(Extracted data entries)
------------------------------------

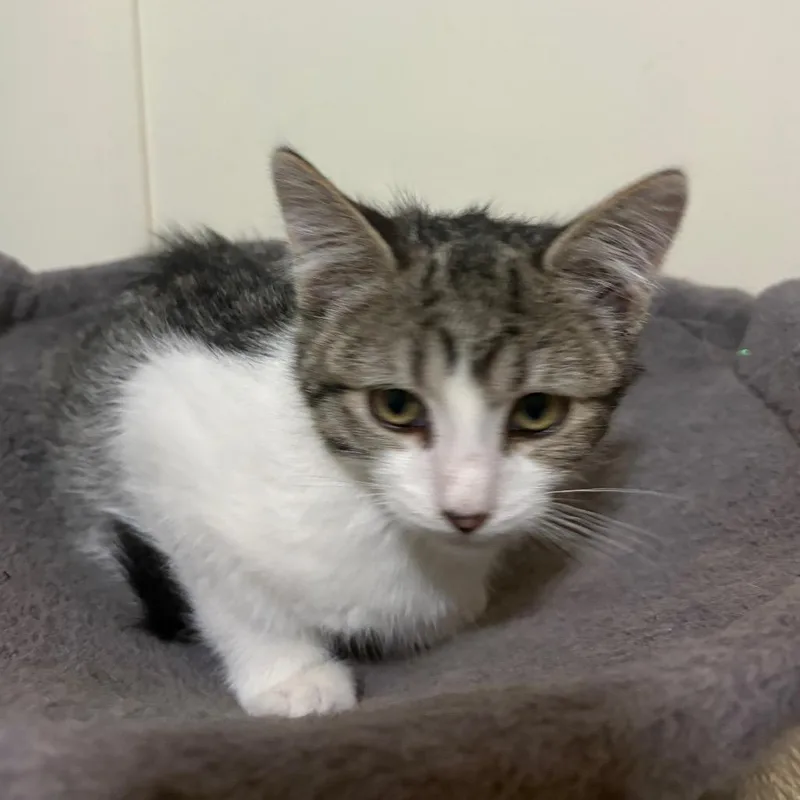 A baby small-sized male White Domestic Short Hair cat named Sie for adoption in Grantsville, UT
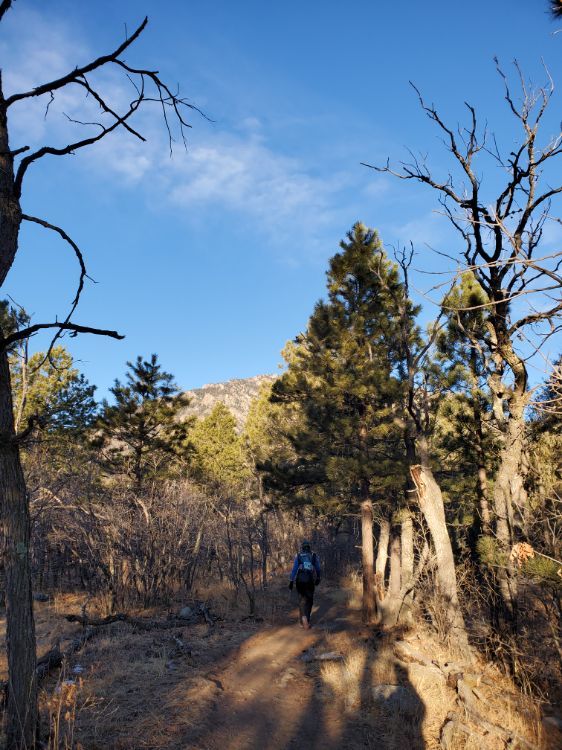 Awesome run 50k+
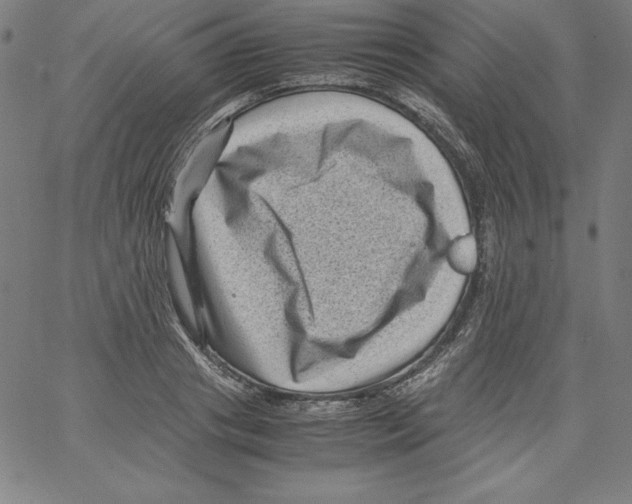 X0000066960841200604211839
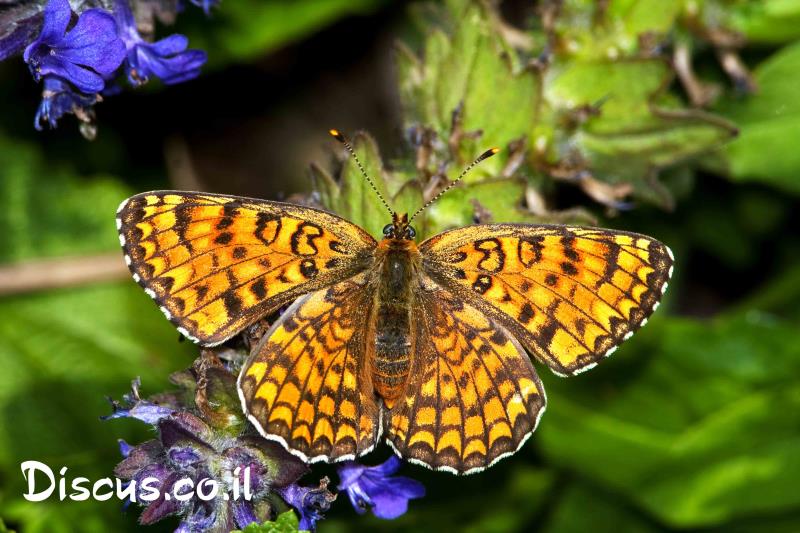 נימפית הבוצין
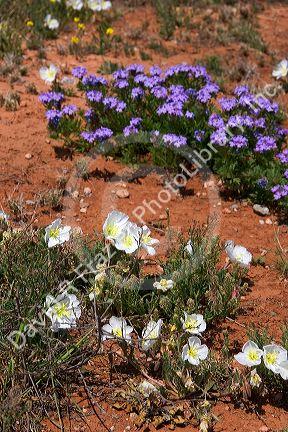 Wild flowers in the New Mexico desert.  Blue verbena and white Mexican poppies.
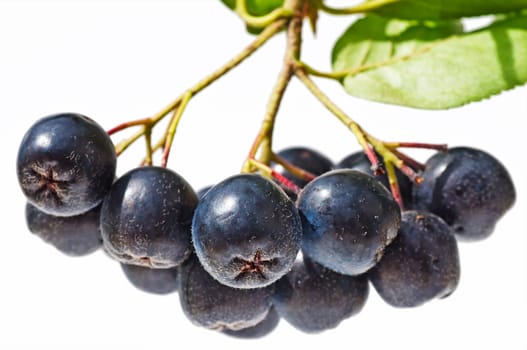 Aronia berry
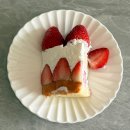 강남농장 영월지점 | 강남 케이크 시즈니크 신세계백화점 통딸기 생크림 케이크 기념일 선물 내돈내산 후기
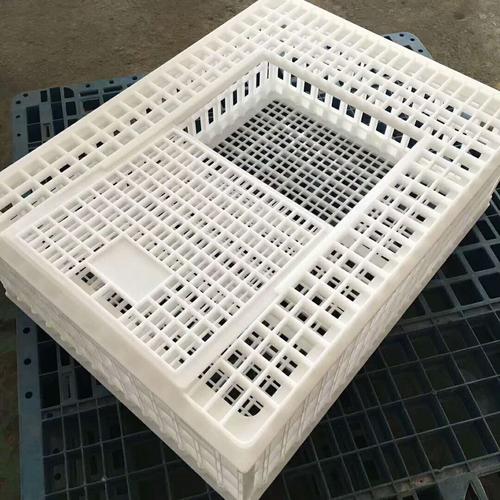 家禽批发厂家价格_家禽生产厂家 - 007商务站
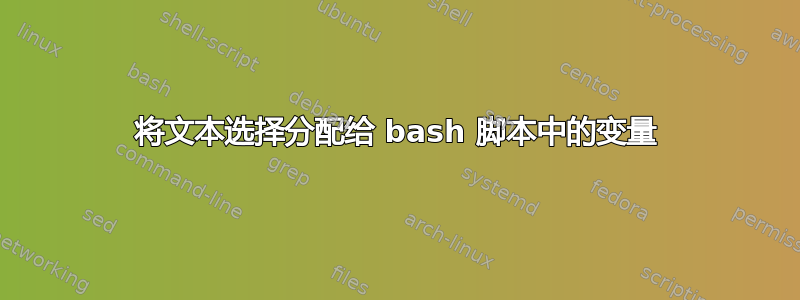 将文本选择分配给 bash 脚本中的变量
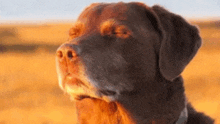 a close up of a brown dog 's face with its eyes closed in a field .
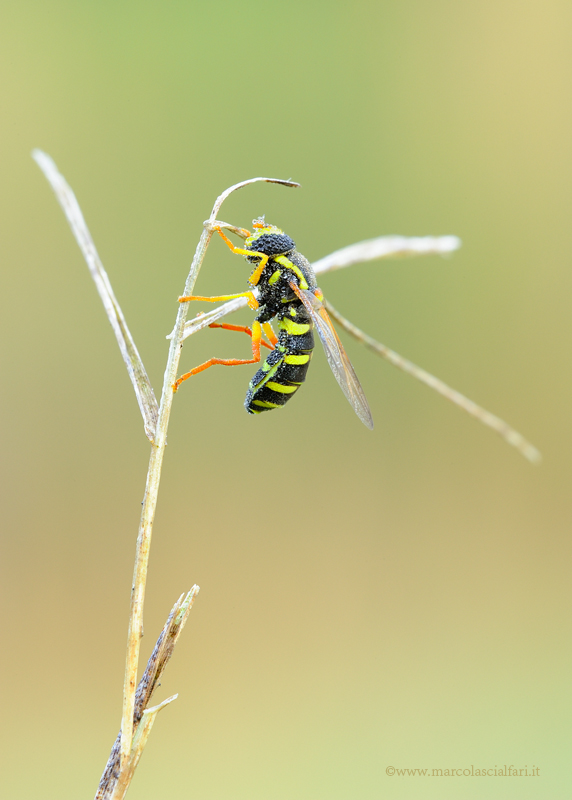 Xanthogramma citrofasciatus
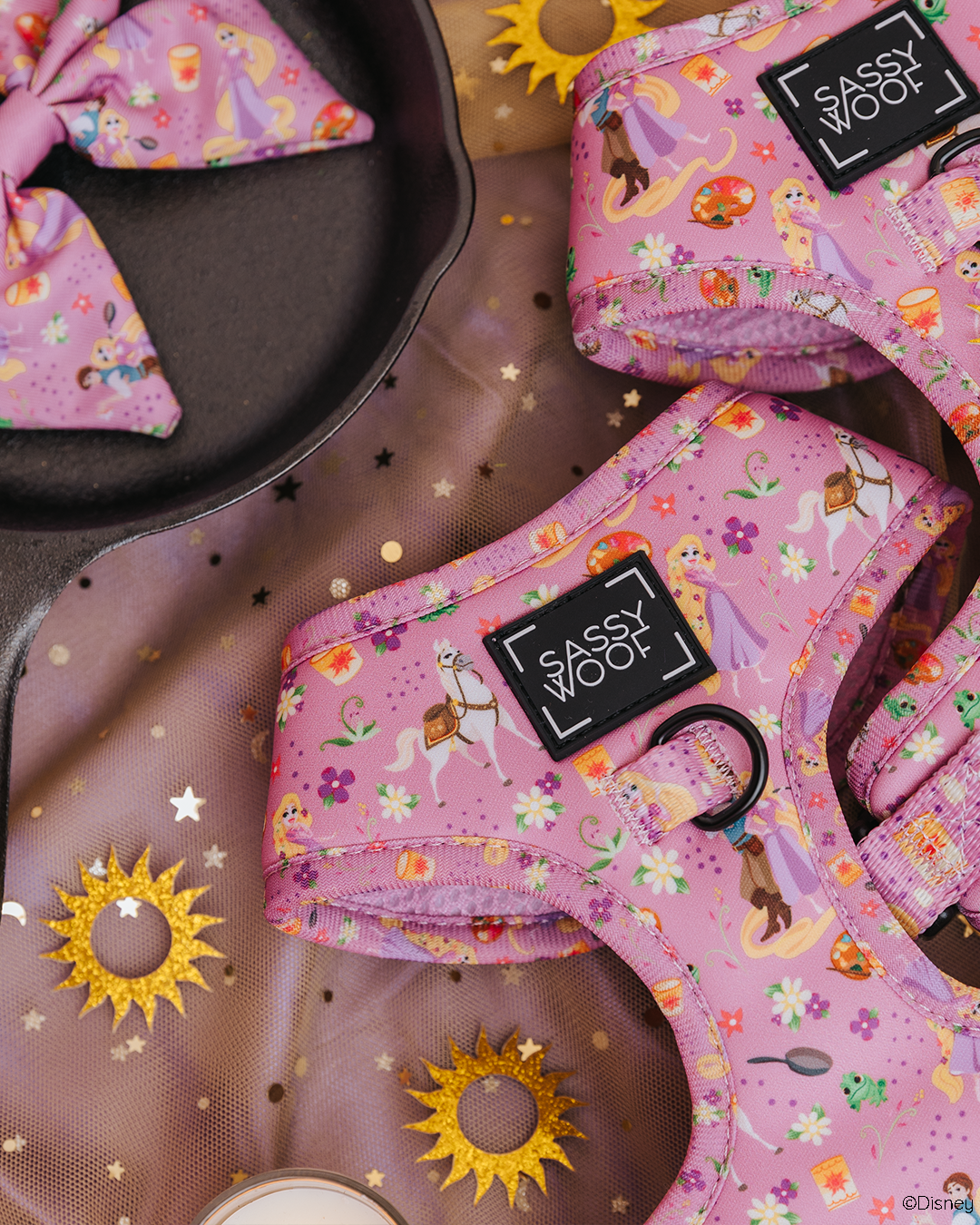 Dog Two Piece Bundle - Disney's Rapunzel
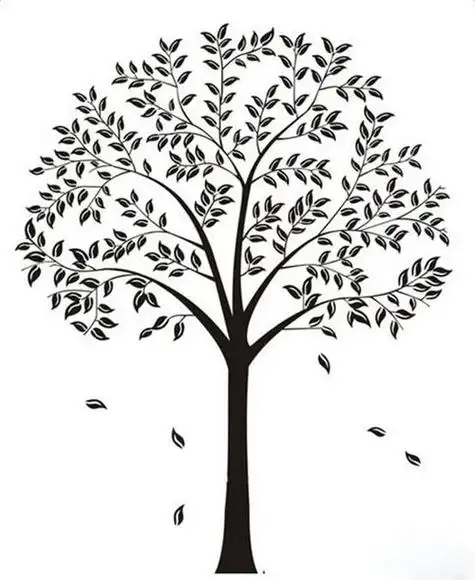 儿童简单的生命树简笔画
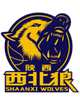 陕西信达 Logo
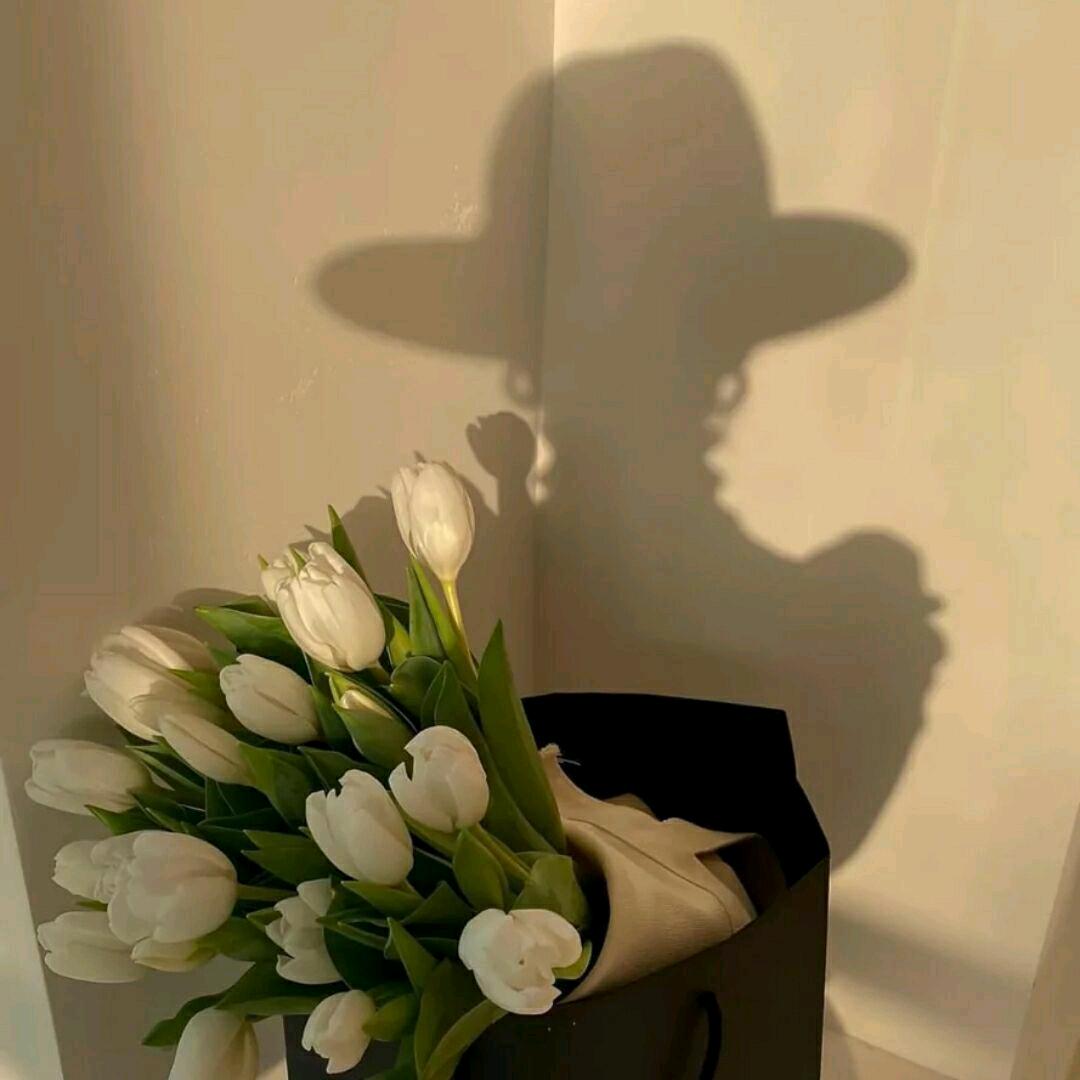 🌈🎶齐齐🇨🇳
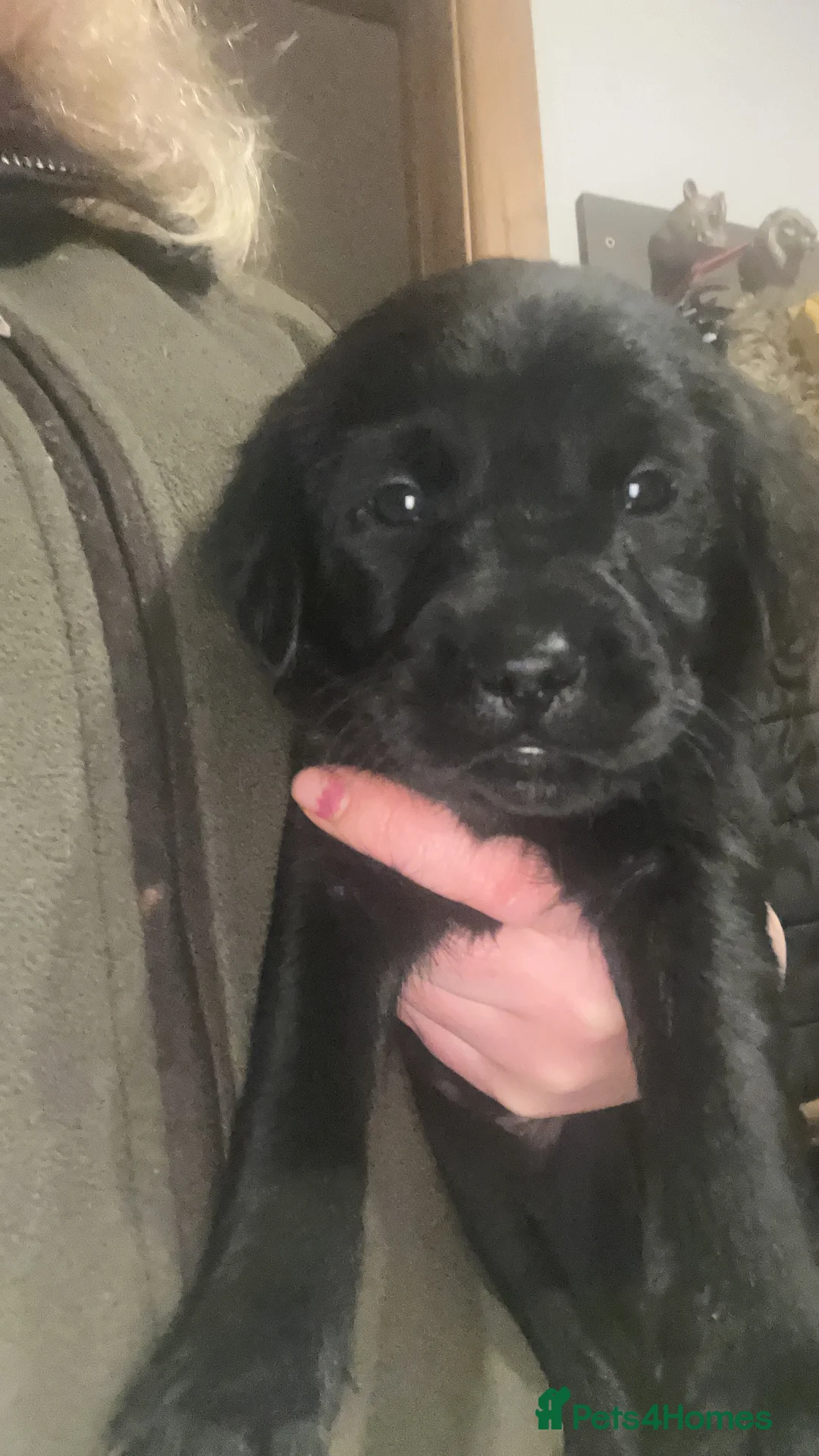 Labrador Retriever dogs for sale: Black Labrador pups  - Advert 15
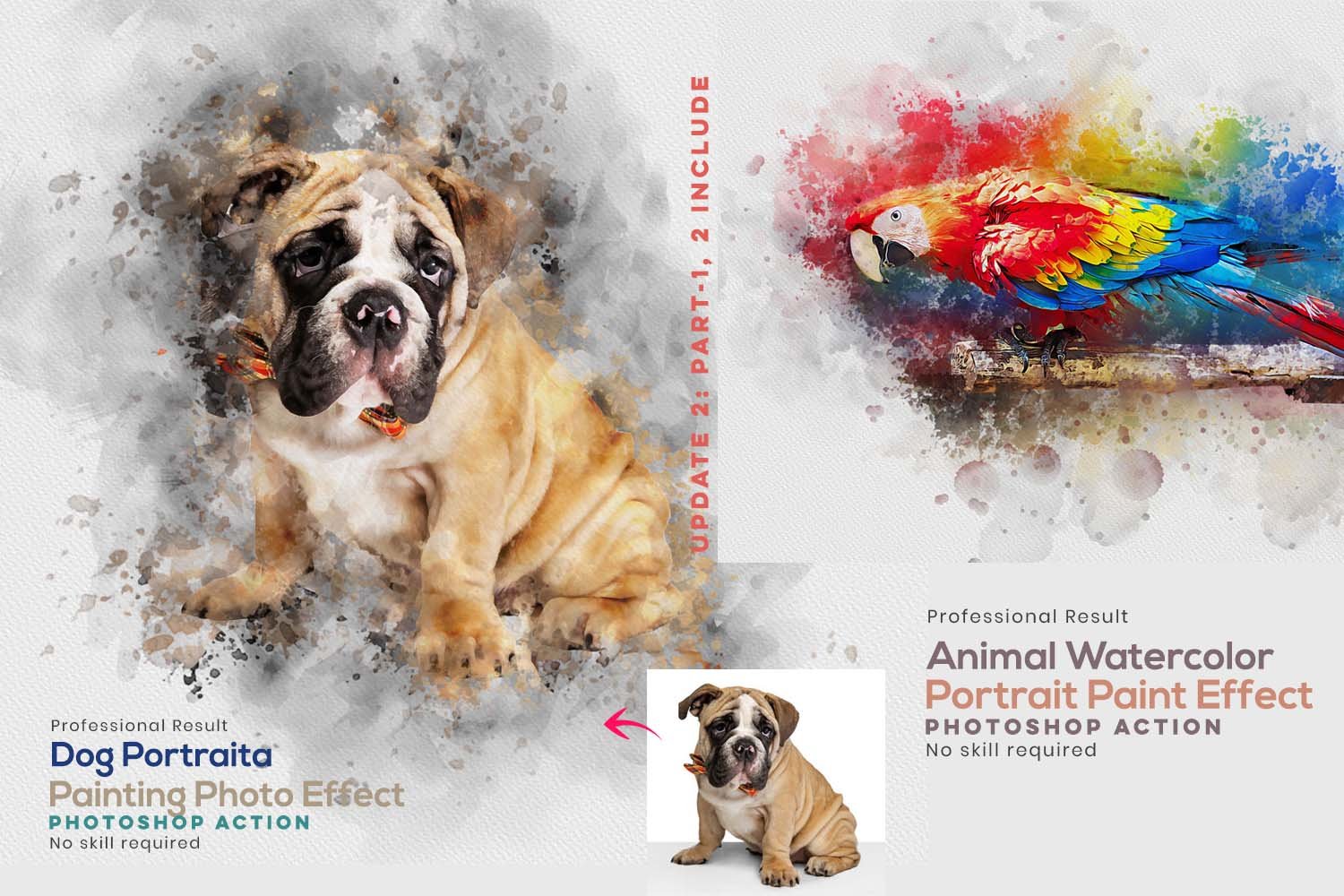 Dog Watercolor Paintingcover image.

------------------------------------

* [Your task] Output each record exactly as it appears, but not the pictures.

* [Result for this exercise]
 A baby small-sized male White Domestic Short Hair cat named Sie for adoption in Grantsville, UT
 Awesome run 50k+
 X0000066960841200604211839
 נימפית הבוצין
 Wild flowers in the New Mexico desert.  Blue verbena and white Mexican poppies.
 Aronia berry
 강남농장 영월지점 | 강남 케이크 시즈니크 신세계백화점 통딸기 생크림 케이크 기념일 선물 내돈내산 후기
 家禽批发厂家价格_家禽生产厂家 - 007商务站
 将文本选择分配给 bash 脚本中的变量
 a close up of a brown dog 's face with its eyes closed in a field .
 Xanthogramma citrofasciatus
 Dog Two Piece Bundle - Disney's Rapunzel
 儿童简单的生命树简笔画
 陕西信达 Logo
 🌈🎶齐齐🇨🇳
 Labrador Retriever dogs for sale: Black Labrador pups  - Advert 15
 Dog Watercolor Paintingcover image.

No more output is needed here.